Last Updated on 2023年11月22日 by

所定労働時間と雇用期間

31日以上の雇用見込みがあり、所定労働時間が週20時間以上の人は雇用保険に加入させなければなりません。

所定労働時間とは、就業規則や雇用契約書などによって、通常勤務するべき時間として定めた時間をいいます。1週間の所定労働時間が変動する場合は、一定の周期における平均時間で算出します。

試用期間中でも勤務の初日から雇用保険に加入させなければなりません。

長期欠勤や休職等で賃金の支払がない人も、雇用関係があるうちは被保険者です。

2以上の事業所に勤務する人は、主たる賃金を受け取る方の被保険者になります。
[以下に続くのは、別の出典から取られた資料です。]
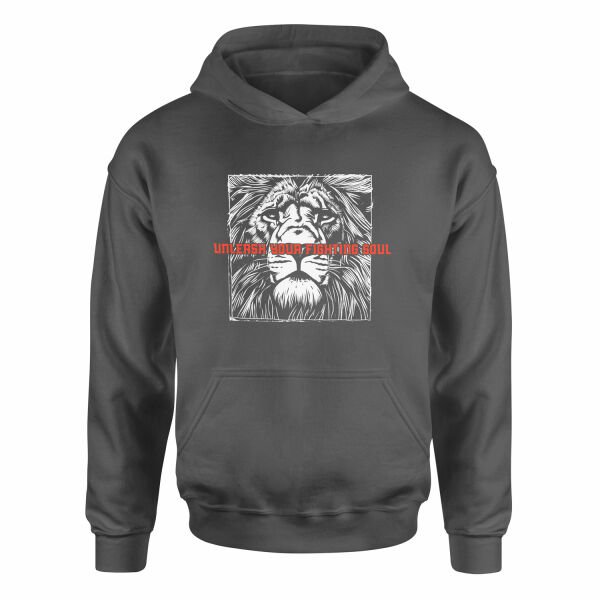 Unleash Your Fighting Soul | Lion III Hoodie L - Füme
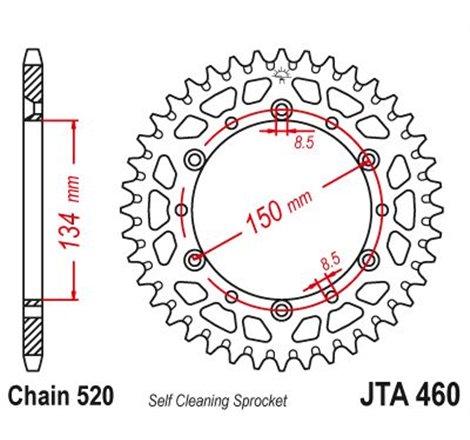 Couronne Alu Kawasaki X Wing Ergal - Anti Boue Noire/Vert - 520 - 48 Dents - Similaire JTA460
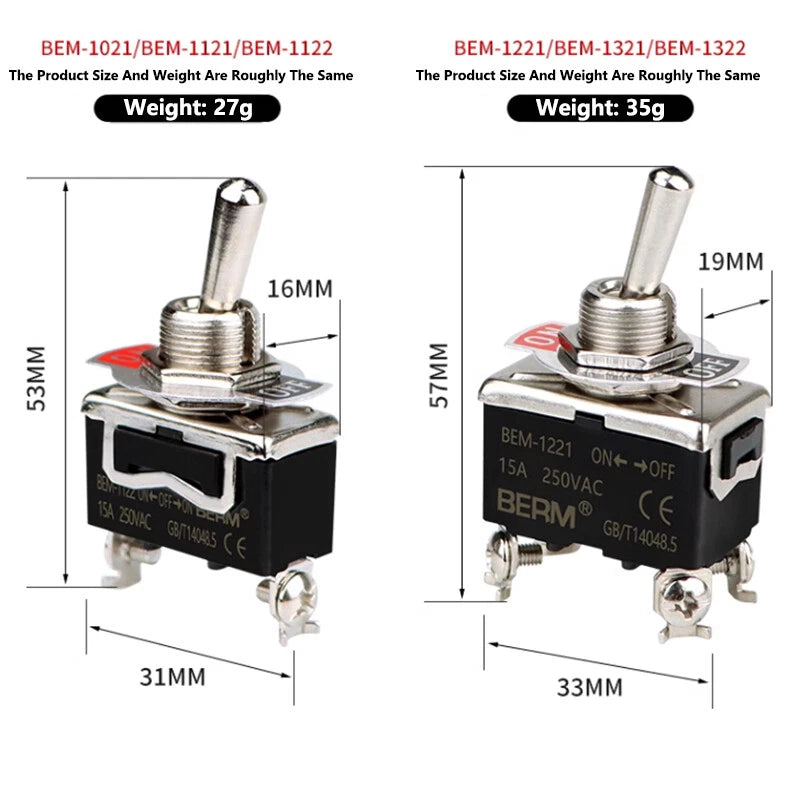 Toggle Switch ON-OFF-ON, 2/3 Pin 2/3 Positions, Latching & Momentary, Screw or Pin Terminal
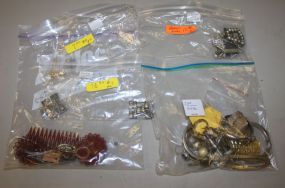 Lot of Costume Jewelry Including Buckles, Plastic Comb, etc.
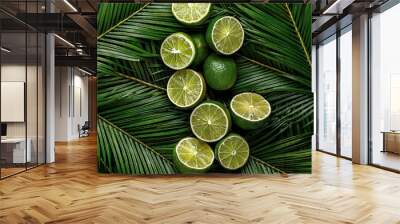 Pile, Sweet, Fresh and Ripe lime fruits Wall mural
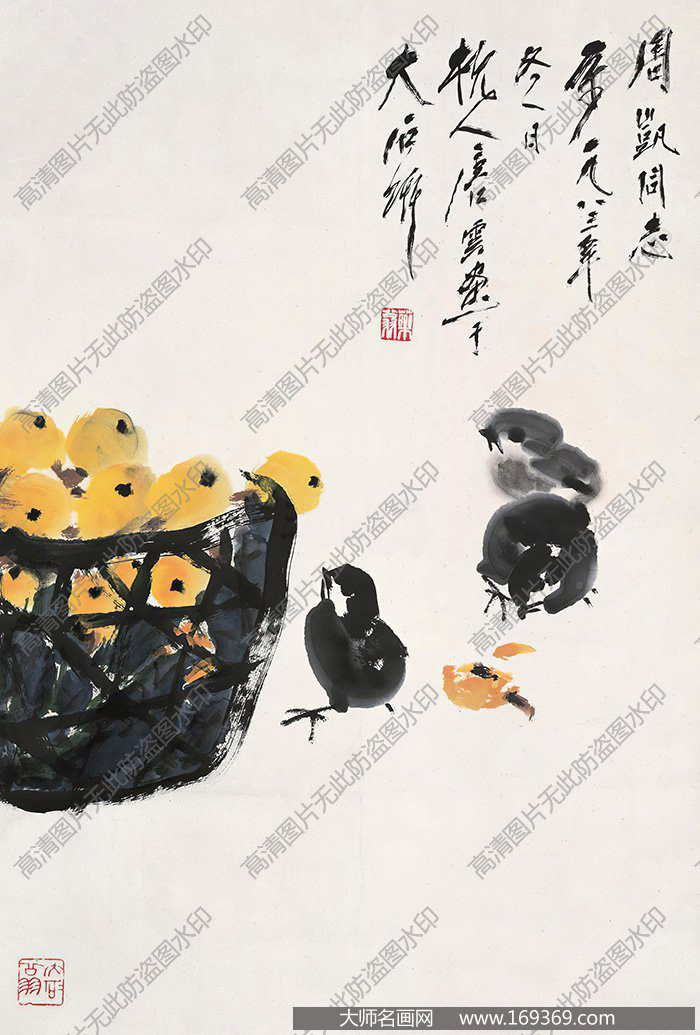 唐云作品 枇杷小鸡 高清下载 ID:11263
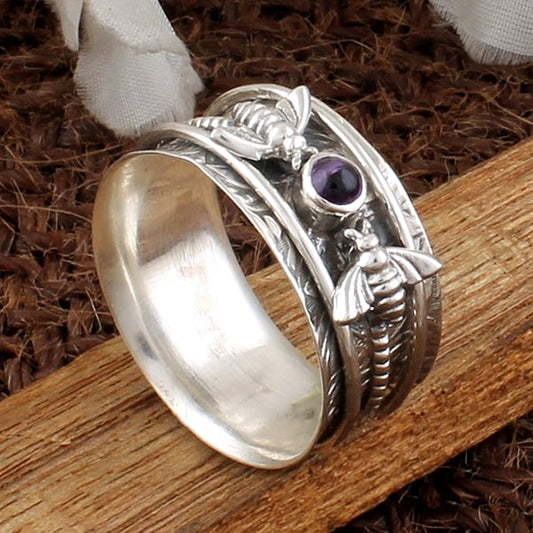 Sterling Silver Bee Purple Gemstone Meditation Ring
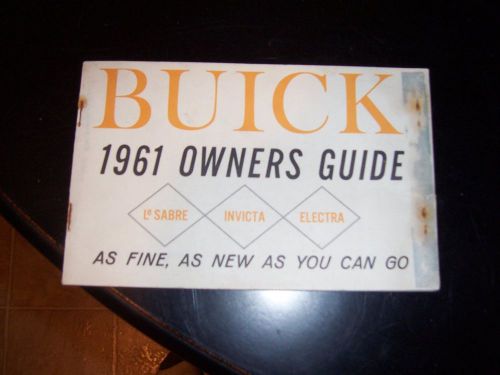 1961 buick lesabre,invicta,electra original owners manual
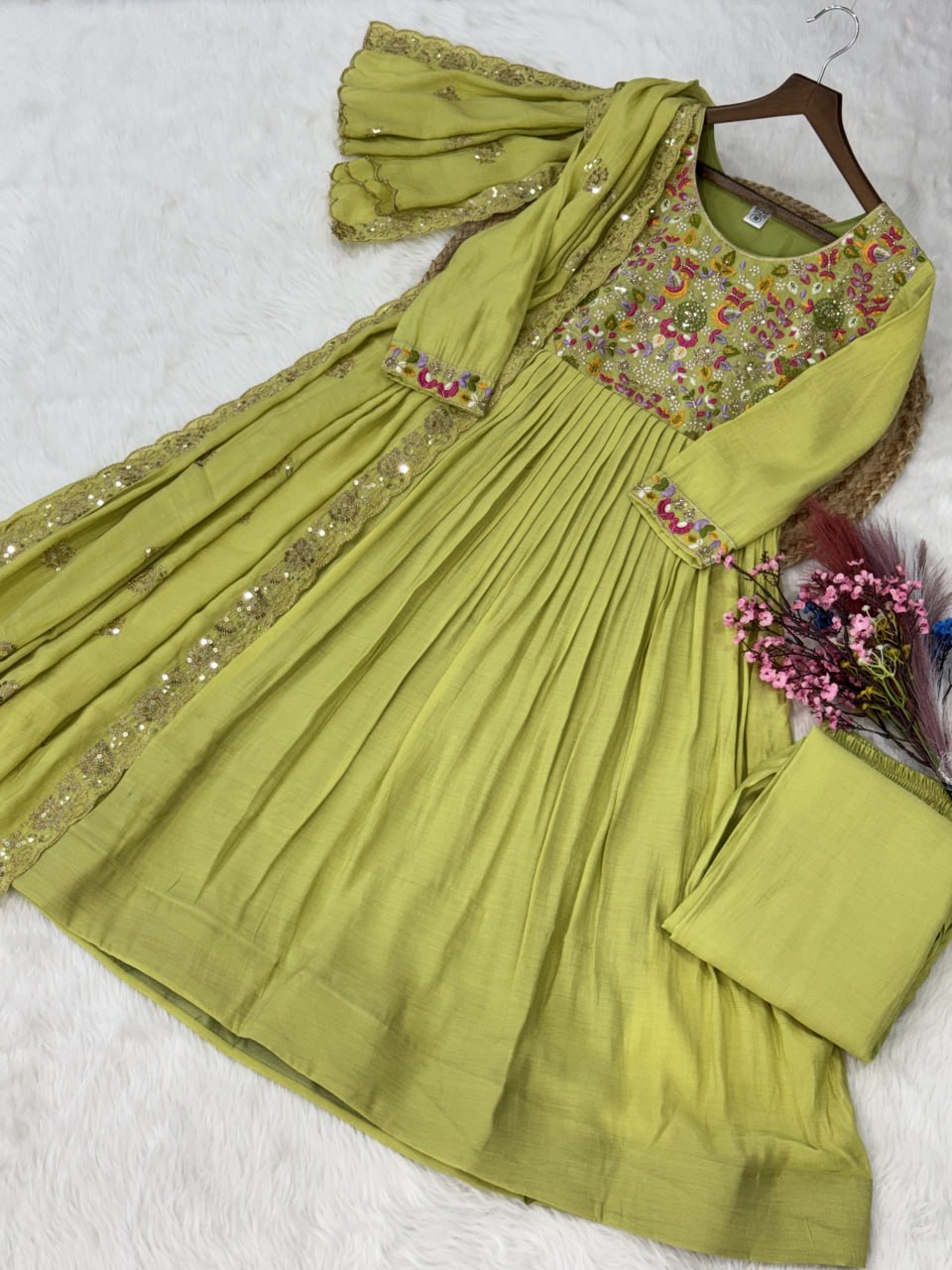 Shining Green Color Mal Chanderi Embroidered Work Gown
ニ重加入はできません。

1社での雇用関係では被保険者要件を満たさない場合であっても、他社での労働時間を合算して週20時間以上になる65歳以上の労働者は本人の申出により雇用保険に加入できます。

なお、同じ労働保険でも、労災保険の方は、雇用見込み期間や所定労働時間数にかかわらず全ての人が対象です。

雇用保険に入れる人入れない人

65歳以上の人

以前は65歳になれば、高年齢継続被保険者となっている場合を除き、雇用保険の対象外でしたが、平成29年1月以降は、高年齢被保険者として雇用保険の適用対象になっています。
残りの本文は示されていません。